On Fri, Dec 13, 2019 at 2:29 AM 'Alastair Skeffington' via spctools-discuss <spctools...@googlegroups.com> wrote:

Hi,

 

Can someone explain what's happen here please:

 

Number of spectra in the .mgf file = 1856

Number of spectra after conversion to mzXML = 1856

Number of spectra in pepXML file after comet search: 1752

 

I then search against database A (DB-A) and database B (DB-B) and count the number of spectra in the pepXML file as counts of "<spectrum_query spectrum=". Yields 1752 in both cases.

 

I then run "xinteract -Neg.pepXML -PPM -dDECOY_ -OARP eg_pepp.pepXML" on each of the files.
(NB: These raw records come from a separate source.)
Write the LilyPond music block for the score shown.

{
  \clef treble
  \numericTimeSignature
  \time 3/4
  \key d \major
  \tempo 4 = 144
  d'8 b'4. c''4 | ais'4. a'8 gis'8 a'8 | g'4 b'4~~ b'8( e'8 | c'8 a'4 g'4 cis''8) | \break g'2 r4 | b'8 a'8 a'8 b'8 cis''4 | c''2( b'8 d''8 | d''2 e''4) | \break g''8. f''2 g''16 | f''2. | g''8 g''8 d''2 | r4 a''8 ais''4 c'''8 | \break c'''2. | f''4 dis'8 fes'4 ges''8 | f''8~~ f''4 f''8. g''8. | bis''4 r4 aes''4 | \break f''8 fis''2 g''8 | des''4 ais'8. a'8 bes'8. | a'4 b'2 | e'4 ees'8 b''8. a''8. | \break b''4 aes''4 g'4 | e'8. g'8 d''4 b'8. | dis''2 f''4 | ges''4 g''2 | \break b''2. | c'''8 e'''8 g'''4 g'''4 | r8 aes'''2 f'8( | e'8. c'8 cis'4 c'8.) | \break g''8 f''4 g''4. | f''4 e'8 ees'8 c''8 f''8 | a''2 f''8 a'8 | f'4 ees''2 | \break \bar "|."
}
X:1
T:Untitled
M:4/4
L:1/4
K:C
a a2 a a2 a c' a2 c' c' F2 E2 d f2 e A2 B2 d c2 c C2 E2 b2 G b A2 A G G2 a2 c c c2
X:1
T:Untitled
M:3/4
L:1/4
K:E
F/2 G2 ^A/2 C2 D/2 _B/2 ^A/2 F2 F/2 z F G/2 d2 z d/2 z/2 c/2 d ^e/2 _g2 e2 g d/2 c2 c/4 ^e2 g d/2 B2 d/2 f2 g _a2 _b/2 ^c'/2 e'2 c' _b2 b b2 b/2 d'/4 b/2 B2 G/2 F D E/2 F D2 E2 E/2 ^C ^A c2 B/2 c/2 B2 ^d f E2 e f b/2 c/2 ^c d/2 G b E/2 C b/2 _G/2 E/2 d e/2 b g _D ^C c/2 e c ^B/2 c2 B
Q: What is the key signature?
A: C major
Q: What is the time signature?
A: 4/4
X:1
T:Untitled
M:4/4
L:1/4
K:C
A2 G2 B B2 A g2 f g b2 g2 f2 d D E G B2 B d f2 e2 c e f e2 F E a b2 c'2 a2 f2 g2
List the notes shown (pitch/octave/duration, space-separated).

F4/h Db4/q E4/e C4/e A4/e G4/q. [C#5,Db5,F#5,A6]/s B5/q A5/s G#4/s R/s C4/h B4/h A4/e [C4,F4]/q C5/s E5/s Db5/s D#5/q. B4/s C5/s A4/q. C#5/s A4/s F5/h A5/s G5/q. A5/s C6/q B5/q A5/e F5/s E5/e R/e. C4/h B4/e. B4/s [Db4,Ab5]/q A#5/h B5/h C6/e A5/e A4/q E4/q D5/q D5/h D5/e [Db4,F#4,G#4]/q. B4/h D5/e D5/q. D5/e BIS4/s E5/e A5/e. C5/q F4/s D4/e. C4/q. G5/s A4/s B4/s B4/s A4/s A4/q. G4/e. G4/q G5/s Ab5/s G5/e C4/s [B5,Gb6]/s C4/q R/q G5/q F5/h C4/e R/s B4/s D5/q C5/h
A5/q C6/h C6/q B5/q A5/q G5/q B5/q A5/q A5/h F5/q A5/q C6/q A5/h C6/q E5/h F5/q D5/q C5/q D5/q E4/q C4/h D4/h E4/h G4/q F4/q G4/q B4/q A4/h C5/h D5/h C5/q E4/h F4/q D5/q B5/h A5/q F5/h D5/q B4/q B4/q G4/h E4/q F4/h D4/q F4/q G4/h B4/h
Now when I search for the string "<spectrum_query spectrum=" I get 481 hits for DB-A and 632 hits for DB-B. The pepXML view then calculates the "Efficiency ID'd/searched" - so the denominator is different for each database.

 

Can someone help to explain this behavior?

 

  • Why does the xinteract output present different numbers of records ("<spectrum_query spectrum= ...") for the two different databases, even though the number of records in the pepXML input was the same?
  • Isn't the definition of 'Spectra searched' used by Petunia misleading? It's not the number of input spectra to the search engine.
  • Presumably the loss of spectra between the input to comet and the output is due to loosing those spectra with absolutely no match to the database or decoys due to some internal threshold on the score for PSMs.

 

Any help would be hugely appreciated!